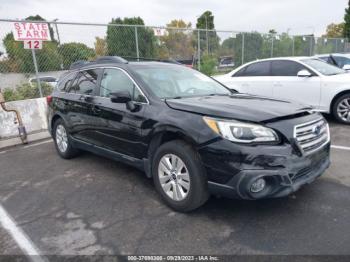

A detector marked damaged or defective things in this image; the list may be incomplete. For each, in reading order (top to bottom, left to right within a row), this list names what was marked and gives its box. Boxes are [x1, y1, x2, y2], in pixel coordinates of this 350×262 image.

exposed headlight housing [202, 117, 278, 143]
cracked bumper cover [200, 138, 330, 200]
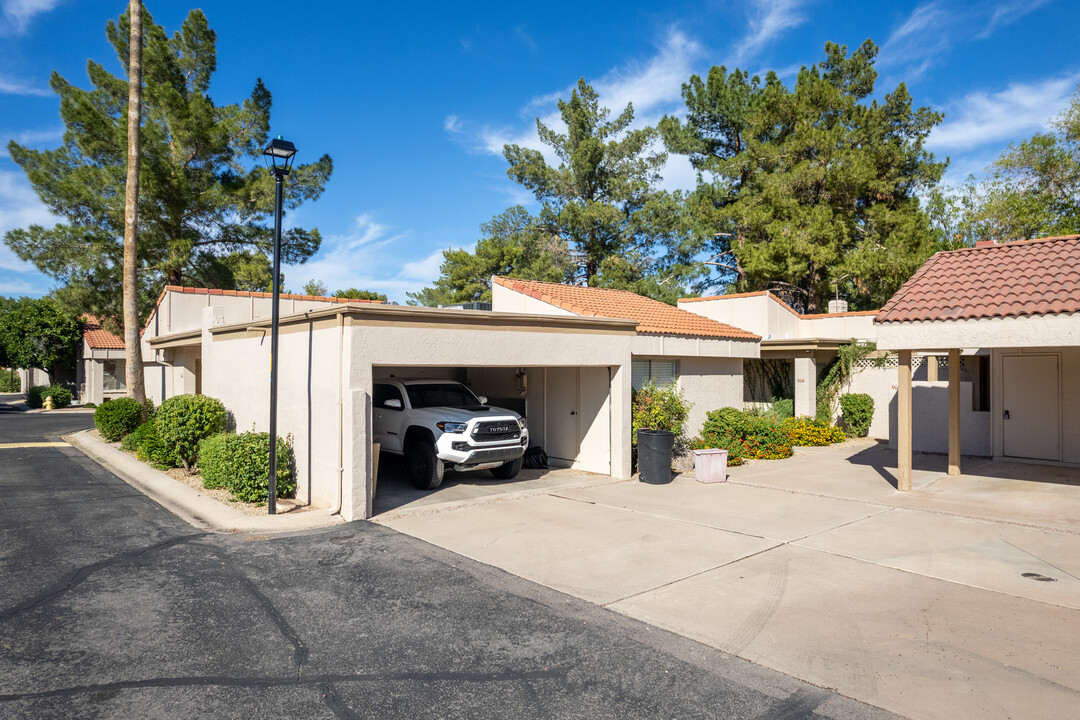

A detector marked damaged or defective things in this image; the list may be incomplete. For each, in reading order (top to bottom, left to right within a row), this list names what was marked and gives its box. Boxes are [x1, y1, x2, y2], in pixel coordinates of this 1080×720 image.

parking lot pavement crack [0, 533, 204, 621]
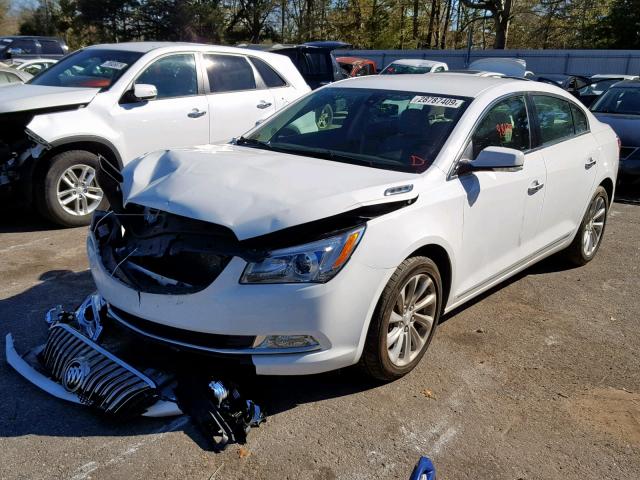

——————————

An exact copy of the entries above is required, with the pictures left out.

> _Answer to the problem_:
A detector marked damaged or defective things in this image; the list may be incomplete. For each, in reading order (top to bottom, left to right within a row), this list names what was marked and gives its box. Boxes are [x1, y1, x2, y2], in pixel coordinates of this 350×262 image.

exposed headlight housing [202, 117, 278, 143]
cracked bumper cover [200, 138, 330, 200]

A detector marked damaged or defective things in this image; the list may be incomplete. For each, in reading order (top to bottom, left to right within a row), this list names what was marked and gives its box. Boxes are [x1, y1, x2, y2], in pixel coordinates of this 1080×720 image.

parking lot pavement crack [0, 533, 204, 621]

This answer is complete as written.